Your code is very clear, and helpful (at least for me).
Please let me understand this algorithm better. you backprop 1 for fake and -1 for real in this code:

While this notebook of @tom (which is enlightening as well) https://github.com/t-vi/pytorch-tvmisc/blob/master/wasserstein-distance/Semi-Improved_Training_of_Wasserstein_GAN.ipynb backprops -1 for fake and 1 for real.

Maybe I mistook some calculations, but if I’m correct then we should decrease the output for real (since EM distance measures how far we are from the real distribution -> so for real we should decrease this) and increase the output for fake (where output is the output value of discriminator/critic). This means your code is correct, still I’m confused because @tom-s code is working as it seems to me.

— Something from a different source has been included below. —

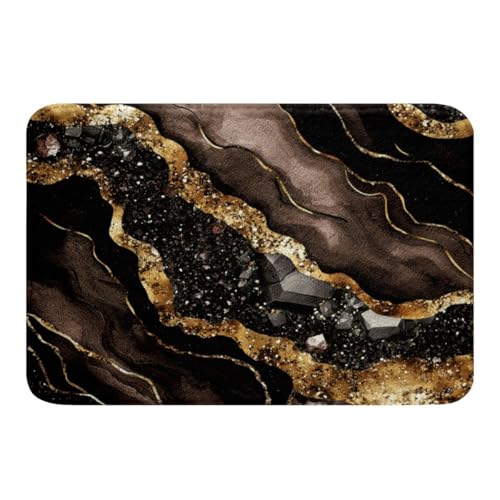Erosebridal Marble Bathroom Rug Non Slip Gold Brown Bath Mat for Bathroom Aesthetics Marbling Door Mat for Bedroom,Watercolor Abstract Entrance Rug 20"x32" - color: Gold Brown, size: 1'8" x 2'8" (Rectangular)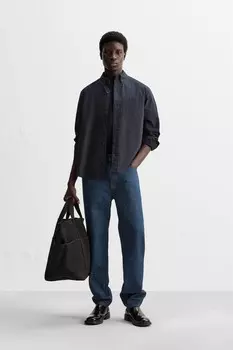 Рубашка из текстурированного хлопка ZARA, темно-синий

Or is this some kind of a symmetric case where we only have to increase the distance between real and fake discrimination, no matter how?

Thank you :slight_smile:

Maybe you are right. In my opinion, the code in @tom regards the output of discriminator as the error while my code takes it as the Wasserstein Distance. They are optimized in the opposite gradient directions. I think maybe both ways will lead the algorithm converging, while I haven’t test it using my current code. (Maybe I will test it in a few days)

But for general purpose of understanding:
From the point of critic - we want to decrease Wasserstein Distance of the critics’ implicit probability density with regards to the real probability, while increase the Wasserstein Distance with regards to the **generator’**s implicit probability density. Am I right?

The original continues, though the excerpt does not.